Tijdens de Koude Oorlog, midden jaren zeventig, drong binnen de NAVO-luchtstrijdkrachten steeds meer het besef door dat de luchtmachten van het Warschau Pact niet alleen kwantitatief superieur waren aan de NAVO, maar er kwamen meerdere signalen dat de militaire industrie in de Sovjet-Unie in snel tempo bezig was ook de kwalitatieve achterstand in te lopen.

Een voorbeeld daarvan was de toen revolutionair geachte MiG 25 Foxbat, die voor die tijd ongekende prestaties leverde.

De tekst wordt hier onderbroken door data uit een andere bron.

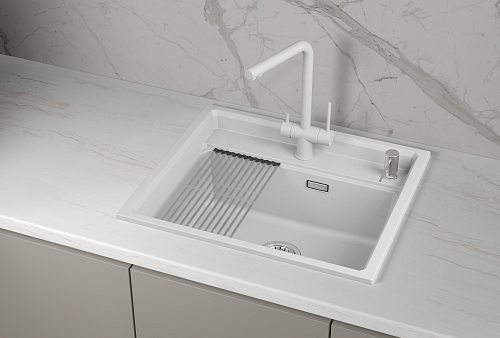 Granula GRANULA KS-6003i, АРКТИК (БЕЛЫЙ), кухонная мойка, кварц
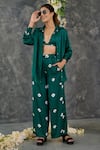 Gulaal_Green Modal Satin Printed Hand Tie-dyed Bandhani Collar Pattern Shirt And Pant Set _at_Aza_Fashions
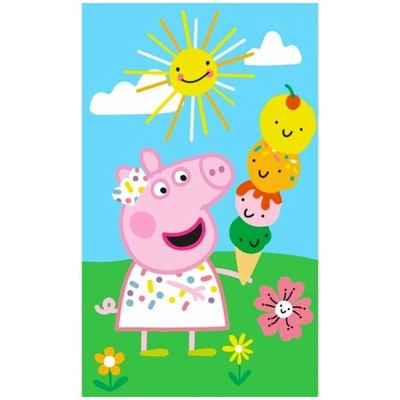 Carbotex Dětský ručník Prasátko Peppa motiv Zmrzlinová pyramida 30 x 50 cm
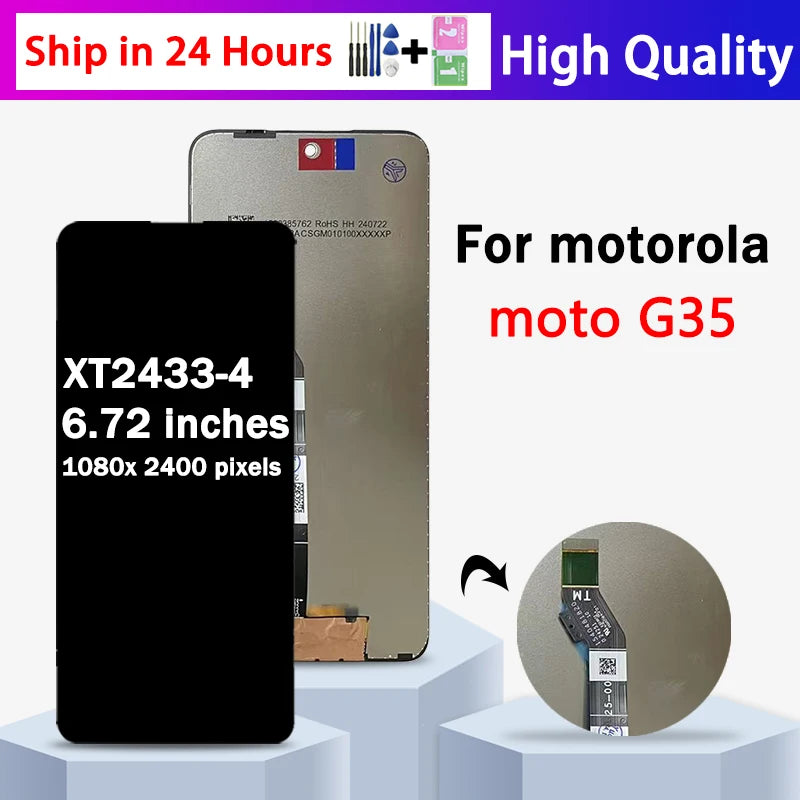 6.72“Tested G35 Screenn Replacement For Motorola Moto G35 5G XT2433-4 LCD Display + Touch Screen Sensor Digiziter Assembly Motorola phone repair parts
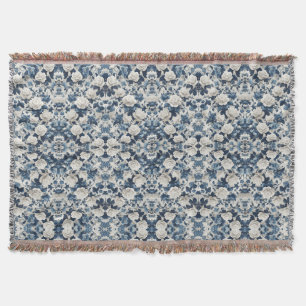 Couverture à motif damassé floral bleu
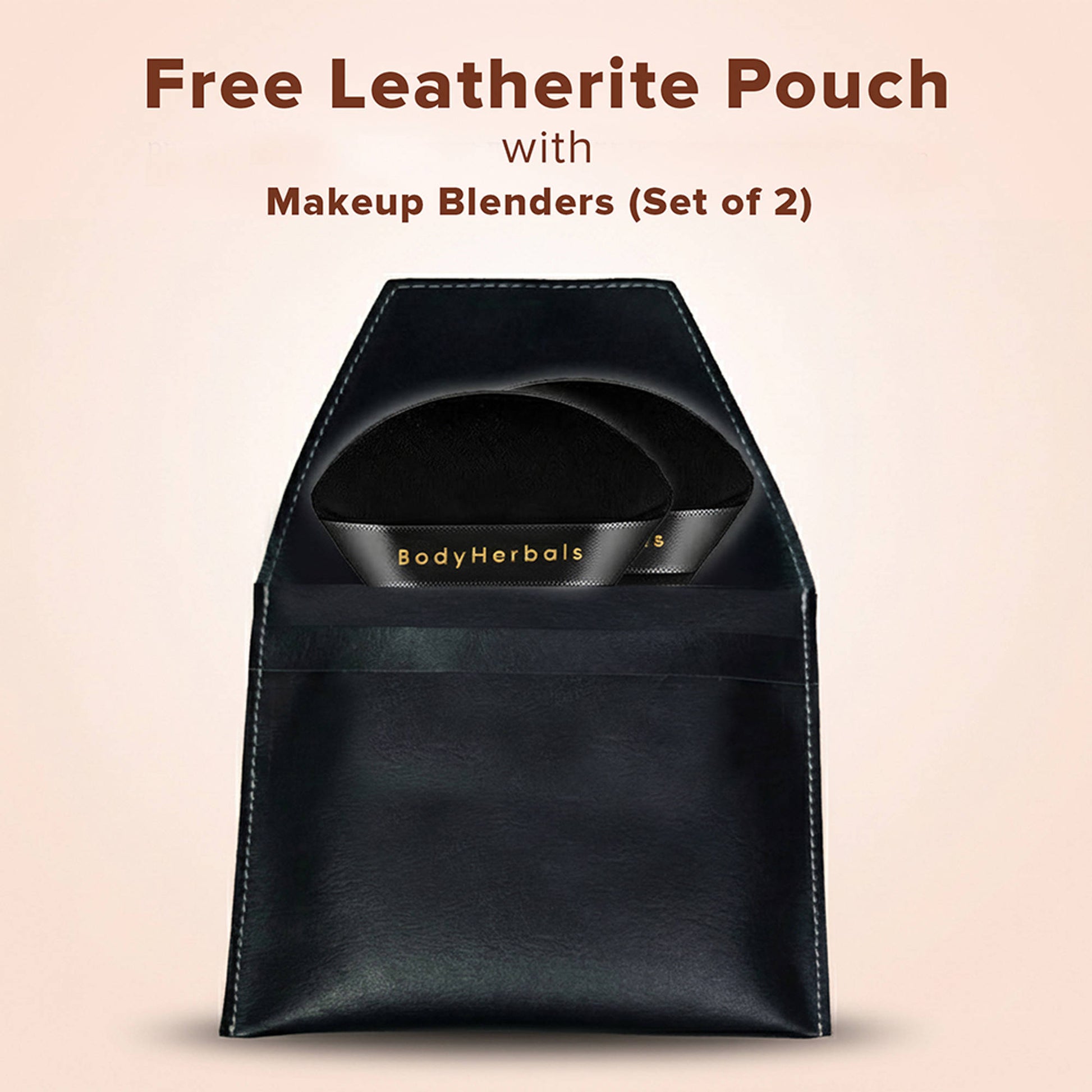 BodyHerbals Powder Puff Face Soft Triangle Makeup Sponge with free leatherite Pouch - Black
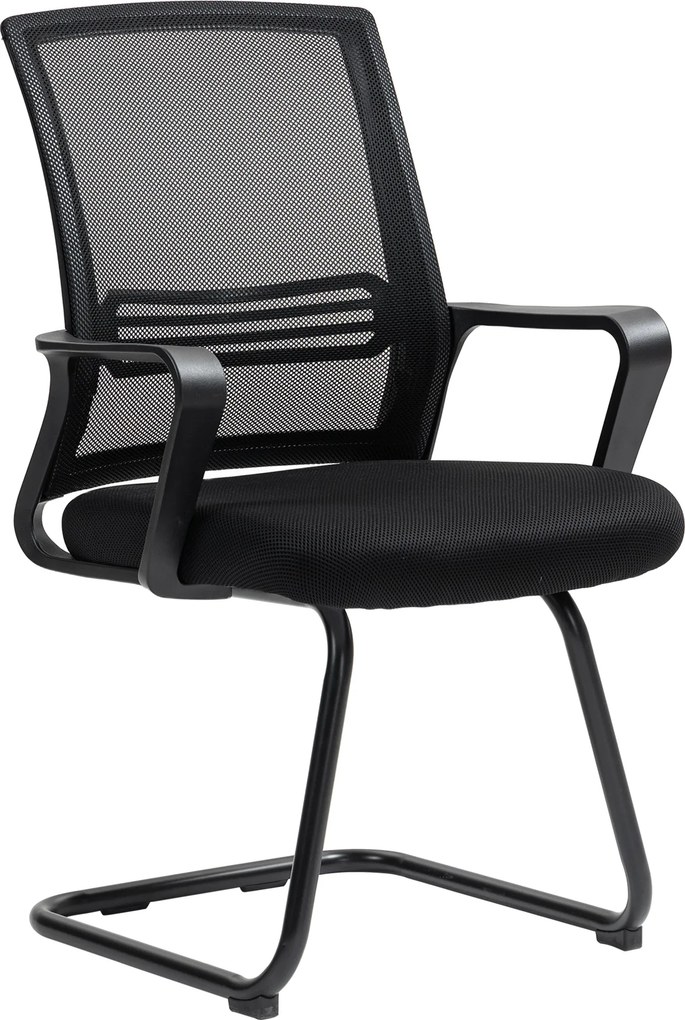 HOMCOM Ergonomiczny fotel, tkanina siatkowa, pianka, metalowe nogi, podstawa na płozach, czarny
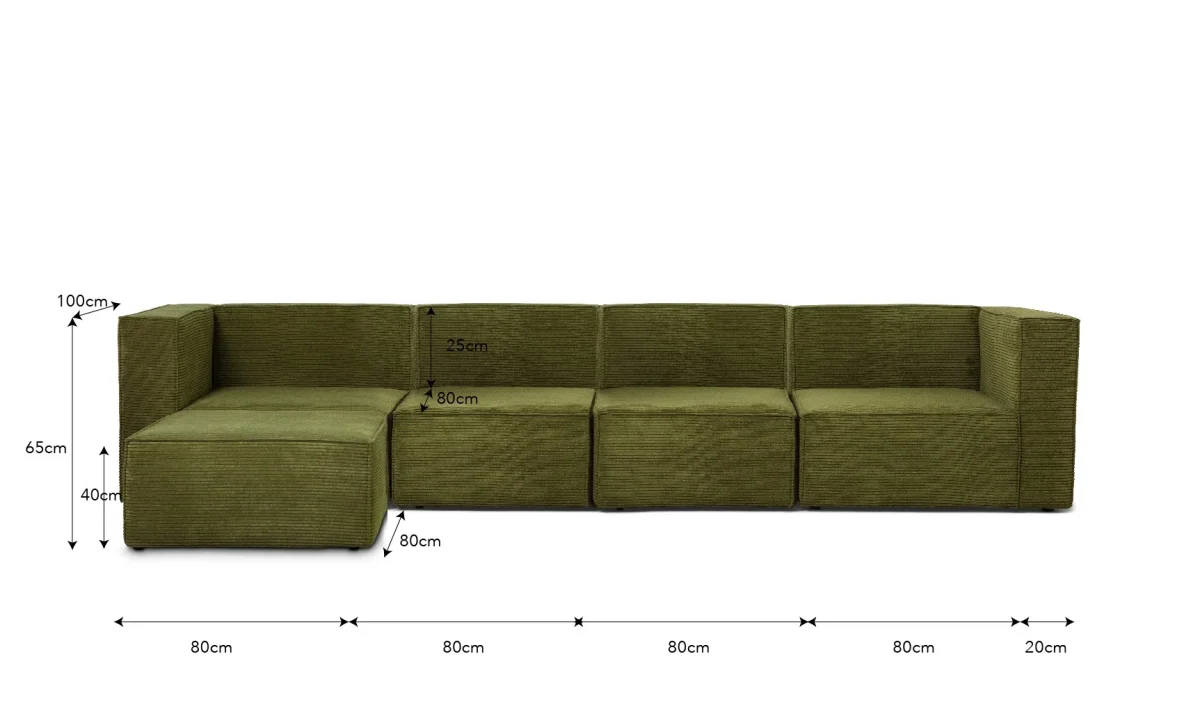 Sofa Harper 4 plazas Chaiselongue Verde - Imagen 6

Weliswaar was ook de westerse industrie volop bezig modernere, beter presterende gevechtsvliegtuigen te ontwikkelen, waarin ook de lessen uit de Vietnamoorlog zouden zijn verwerkt, maar de invoering daarvan in significante aantallen zou nog zeker een decennium in beslag nemen.

Bijkomend probleem dat daarbij werd onderkend was dat de bestaande vloot gevechtsvliegtuigen van de NAVO-lidstaten niet alleen operationeel achterop dreigde te raken, maar mogelijk nog ernstiger, dat van een efficiënt gebruik van schaarse middelen door multinationale samenwerking nog nauwelijks sprake was. Dat kon ook haast niet, want de gebruikte tactieken en procedures verschilden per land al hemelsbreed van elkaar. Zo werd door de meeste Europese luchtmachten een heilig geloof gehecht aan het op zo laag mogelijke hoogte opereren, om onder de vijandelijke radar te blijven. De Amerikanen, die al eerder waren begonnen met het uitrusten van hun luchtmacht met elektronische zelfbeschermingsmiddelen, zagen er meer heil in om hun aanvalsvluchten vanaf medium altitude uit te voeren. Zelfs binnen Europa waren er grote verschillen tussen de wijze van optreden door 2ATAF en 4ATAF[1]. Er moest dus iets gebeuren.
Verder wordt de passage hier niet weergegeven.